Specifically, the EPA is pushing to reduce – though not eliminate – fossil-fuel-powered electricity emissions by effectively requiring carbon capture equipment for most coal plants that remain in service by 2040. For smaller or intermittently operational coal plants, the EPA requires “clean fuel co-firing” instead – by replacing 40% of heat input with natural gas.
The rules also require gas plants with a capacity of at least 300 megawatts and a capacity factor of at least 50% to either install carbon capture equipment by 2035 or replace all but 4% of their fuel by volume with clean hydrogen by 2038. Plants can only escape these requirements by committing to retire by the 2030s.
The EPA designed its proposal to project flexibility and pragmatism – and to undermine charges that it is trying to shut down the fossil-fuel energy sector. The rules mostly exempt gas-fueled ‘peaker’ plants that provide energy when other sources of power are scarce, as well as coal plants that commit to retiring by 2030 (or by 2035, if they run at only 20% of capacity). Regulations only begin phasing in during the 2030s in general, and states have some flexibility as to how they implement the EPA’s requirements.
The clear effect of the rules would be to increase costs for fossil-fuel-powered electricity at a time when clean energy is cheaper than ever. Many developers and utilities will find it cheaper and less risky to replace their coal or gas with solar and wind rather than retrofit to meet requirements. The EPA itself projects that the rule should result in 18 additional gigawatts of coal-plant closures by 2040.
That very expense is also the biggest threat to the rule’s legal standing, however. The EPA can only require usable and affordable technologies, and few fossil-fuel power plants in North America have been able to sustain operations with carbon capture equipment.
Despite the well-established science of carbon capture and storage, its novelty in the electricity market is certain to attract lawsuits next year when the final rule is issued – which the EPA-skeptical Supreme Court could very well sustain when the case eventually reaches them, likely years later.
State of the market
There are only two commercial coal plants with CCS currently supplying the US grid, which together provide a total capture capacity of 0.07 million metric tons of carbon dioxide per year. There are no natural gas plants using CCS that are commissioned at scale. Yet this could be about to change: BNEF’s latest market outlook projects an 99.7% growth in coal and gas CCS assets by 2030, to reach 30MtCO2 per year – even prior to the EPA ruling.

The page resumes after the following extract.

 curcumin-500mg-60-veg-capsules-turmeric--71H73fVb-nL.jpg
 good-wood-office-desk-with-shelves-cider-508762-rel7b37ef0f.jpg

BNEF calculates that the levelized cost of electricity for new-build coal and gas plants coupled with CCS is $142 per megawatt-hour and $80/MWh, respectively, which is 43-45% more expensive than running the power plants unabated. Retrofitting costs are also estimated to be marginally higher than for new build.
The regulation will push 126GW of coal to retirement over 2023-2035, or an average of 18GW annually, according to EPA modeling. This represents a 38% increase from historical yearly retirement rates and, by BNEF’s calculations, an emissions reduction of 255MtCO2 per year.
That said, the EPA estimates that 104GW of coal would retire from 2023 to 2035 (15GW annually) even without the new rules. The regulation mostly pushes coal to close earlier than currently planned, rather than causing more plants to close, and the EPA calculates that the proposed rule only results in 18GW of net additional coal retirements by 2040.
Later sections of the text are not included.